▸ **Work instructions**
This task calls for the lines below starting at the one containing "Fototapeta premium Discovering" and ending at the one containing "This fabric has a unique", repeated exactly with both ends kept and pictures left out.

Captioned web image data
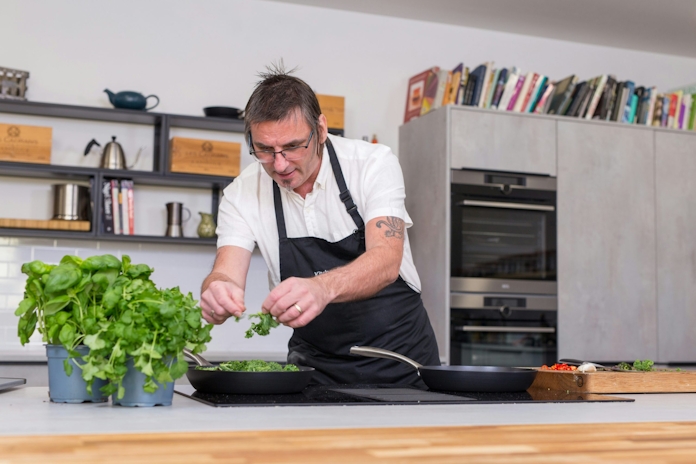 man in white button up shirt holding green vegetable on black ceramic plate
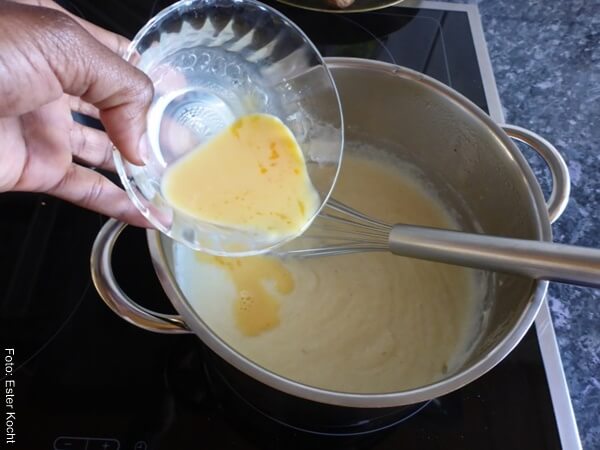 Foto de la mano de una mujer añadiendo yemas de huevo en leche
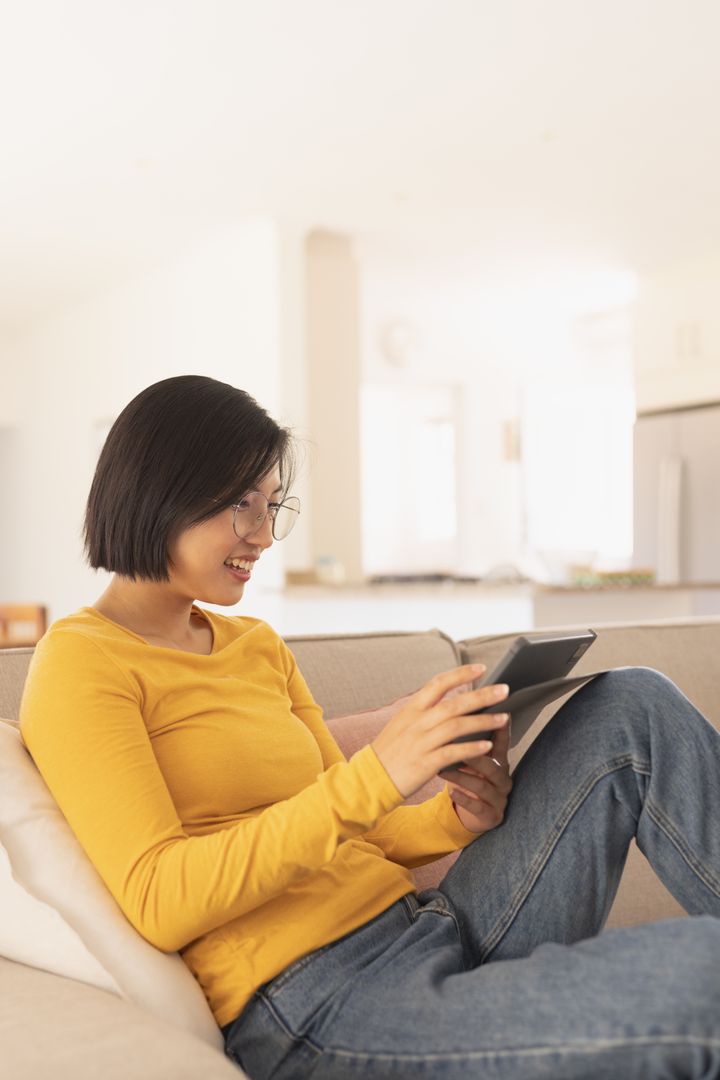 Happy Asian Woman Using Tablet in Living Room - Free Images, Stock Photos and Pictures on Pikwizard.com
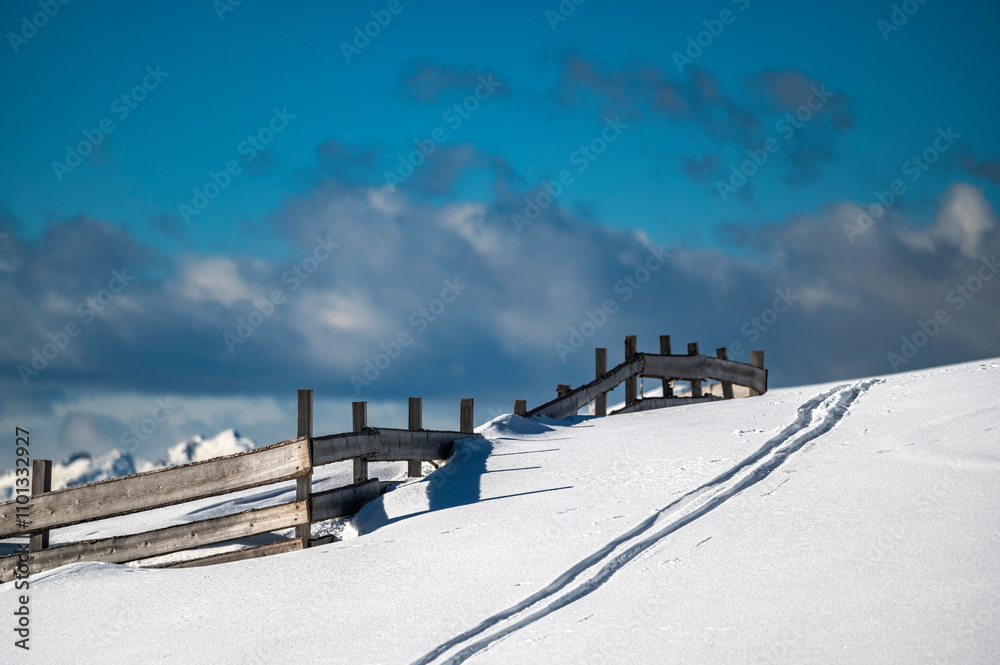 Fototapeta premium Discovering the Renon plateau in winter. Breathtaking views of the Dolomites.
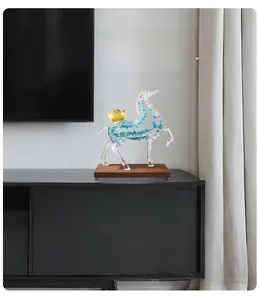 Macro detail of resin horse statue with golden ingot on dark wood base for desk decor
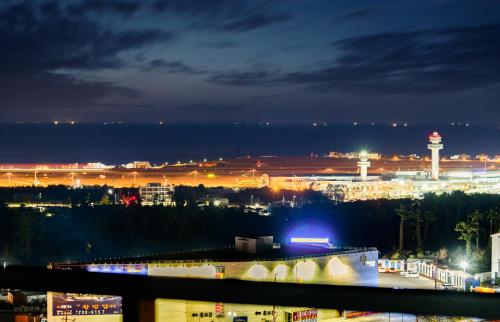 a view of a city at night with a water tower at Ventimo Hotel & Residence Jeju in Jeju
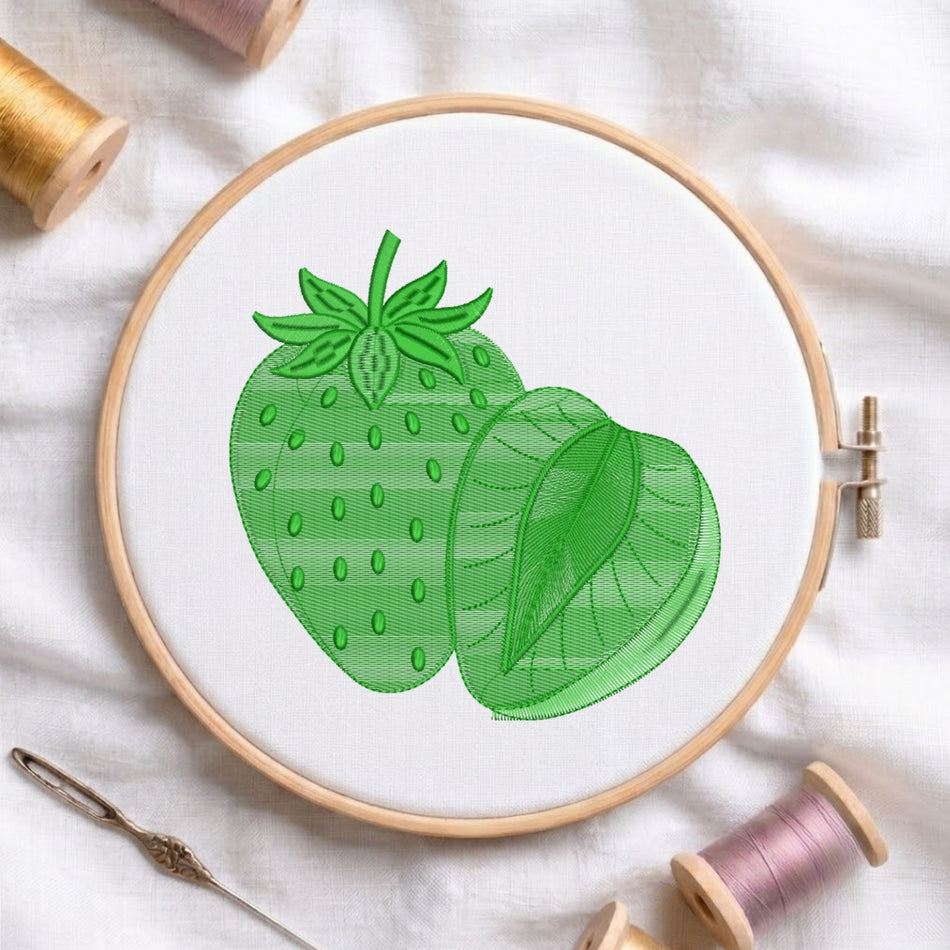 A wooden embroidery hoop holding white fabric with a green embroidered strawberry design, surrounded by spools of thread and a needle on a white fabric background.
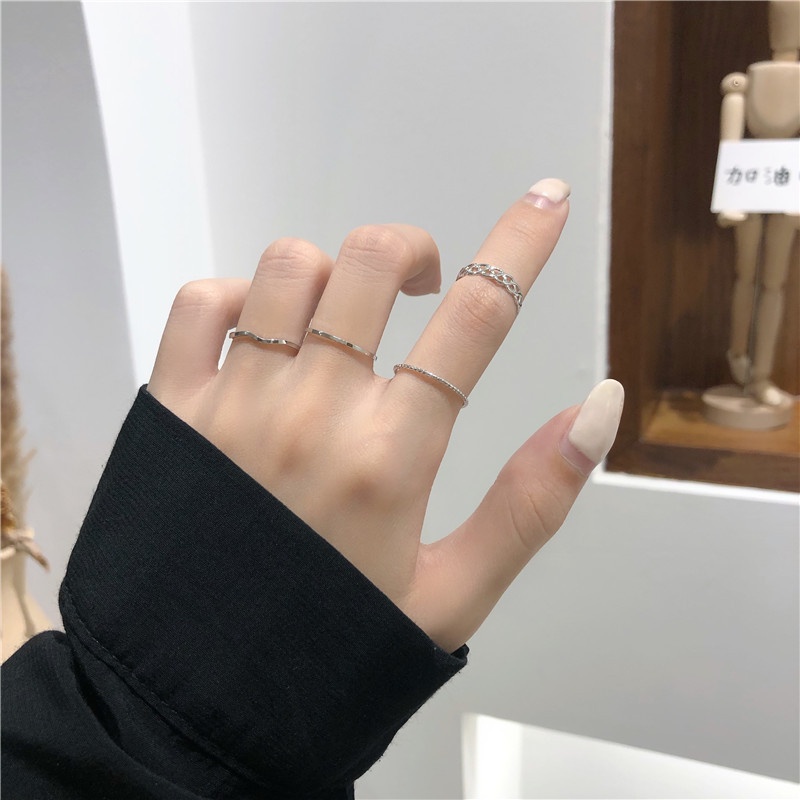 Set 4 nhẫn đeo tay chất liệu kim loại phong cách Hàn Quốc cho nữ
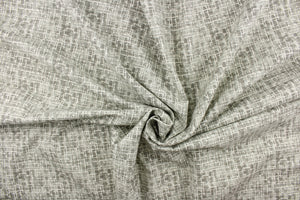 This fabric has a unique design in varying shades of gray and white. This fabric has a distress look to it. 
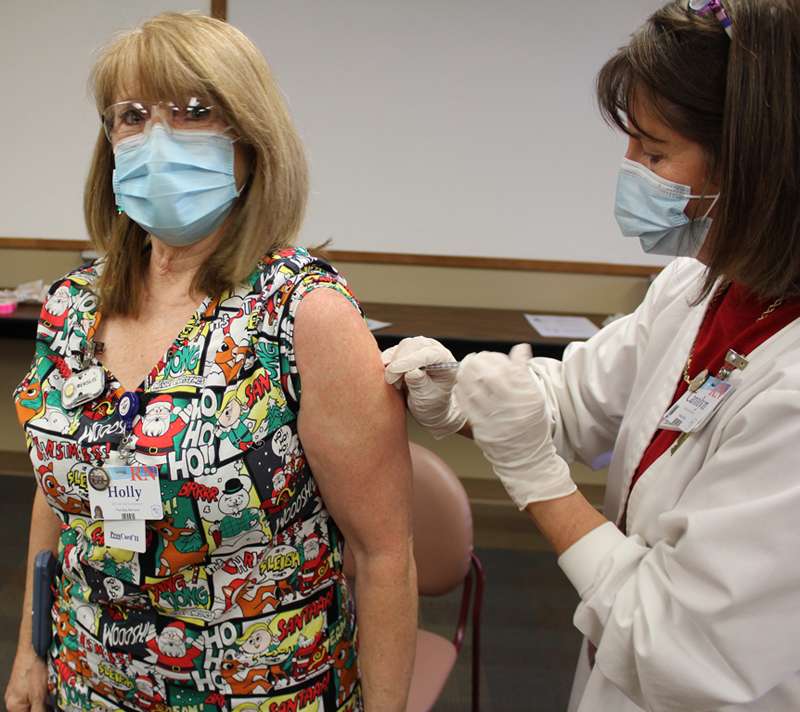 <i><b>Holly Pomeroy (left), Registered Nurse and OB Unit Coordinator, was the first Memorial Health System employee to receive the COVID-19 vaccine Thursday morning. Registered Nurse and Quality and Risk Manager, Carolyn Mikesell (right), is shown administering the shot.</b> Photo courtesy MHS</i>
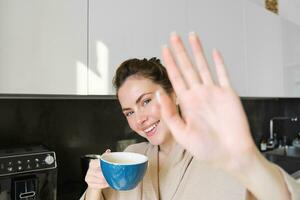 portret van schattig jong vrouw, covers haarzelf van camera, lachend en flirten, drinken koffie in de ochtend, staand in de keuken foto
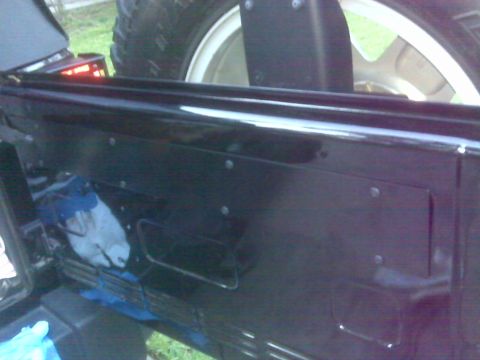 2008 Jeep Wrangler - Close-up view of the interior paneling and spare tire mount in a Jeep Wrangler.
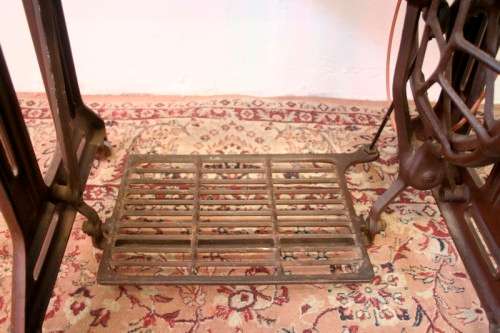 A spectacular 1933 Singer treadle sewing machine in its original Oak cabinet in wonderful condition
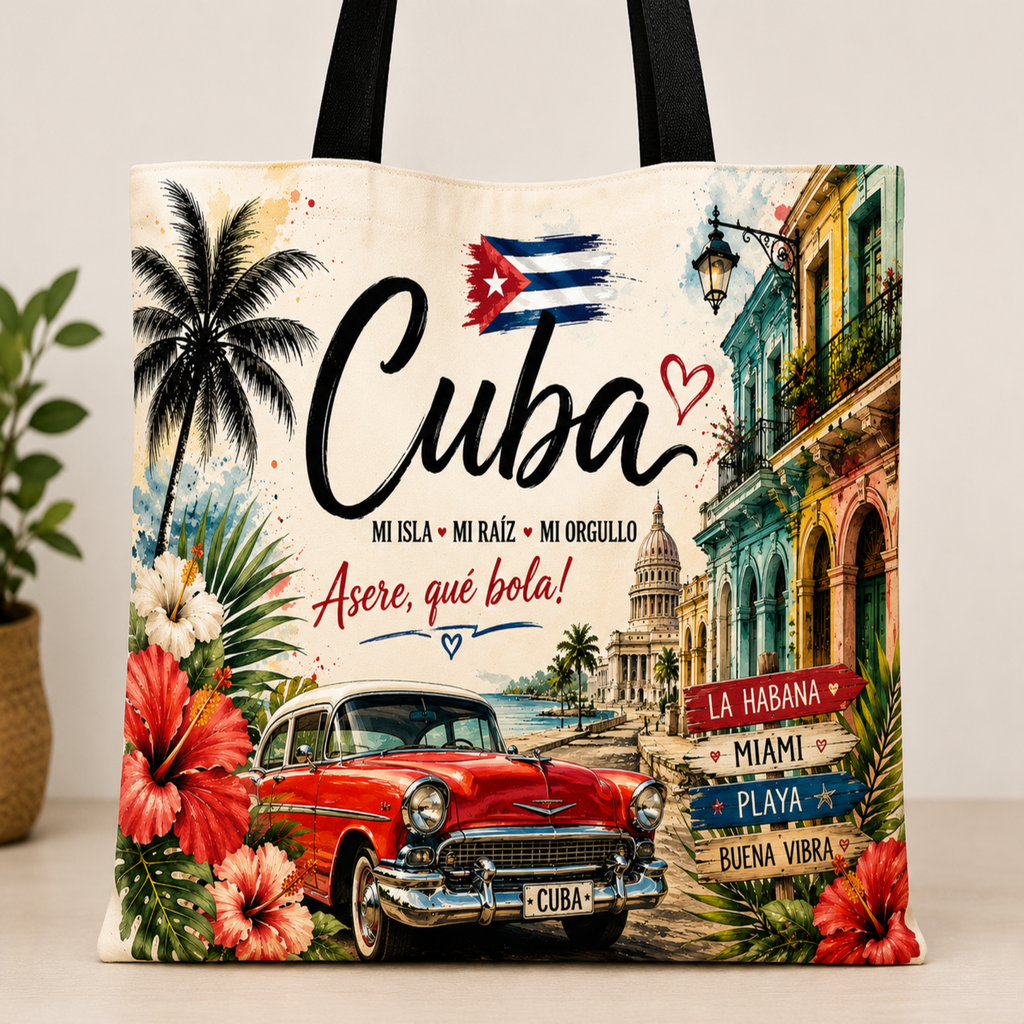 A canvas tote bag featuring a colorful Cuban-themed illustration with the word 'Cuba' in large script, a red classic car, tropical flowers, palm trees, and colonial-style buildings. The bag has black handles and is photographed against a light neutral background with a small plant partially visible on the left.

▸ **Solution for this task**
 Fototapeta premium Discovering the Renon plateau in winter. Breathtaking views of the Dolomites.
 Macro detail of resin horse statue with golden ingot on dark wood base for desk decor
 a view of a city at night with a water tower at Ventimo Hotel & Residence Jeju in Jeju
 A wooden embroidery hoop holding white fabric with a green embroidered strawberry design, surrounded by spools of thread and a needle on a white fabric background.
 Set 4 nhẫn đeo tay chất liệu kim loại phong cách Hàn Quốc cho nữ
 This fabric has a unique design in varying shades of gray and white. This fabric has a distress look to it. 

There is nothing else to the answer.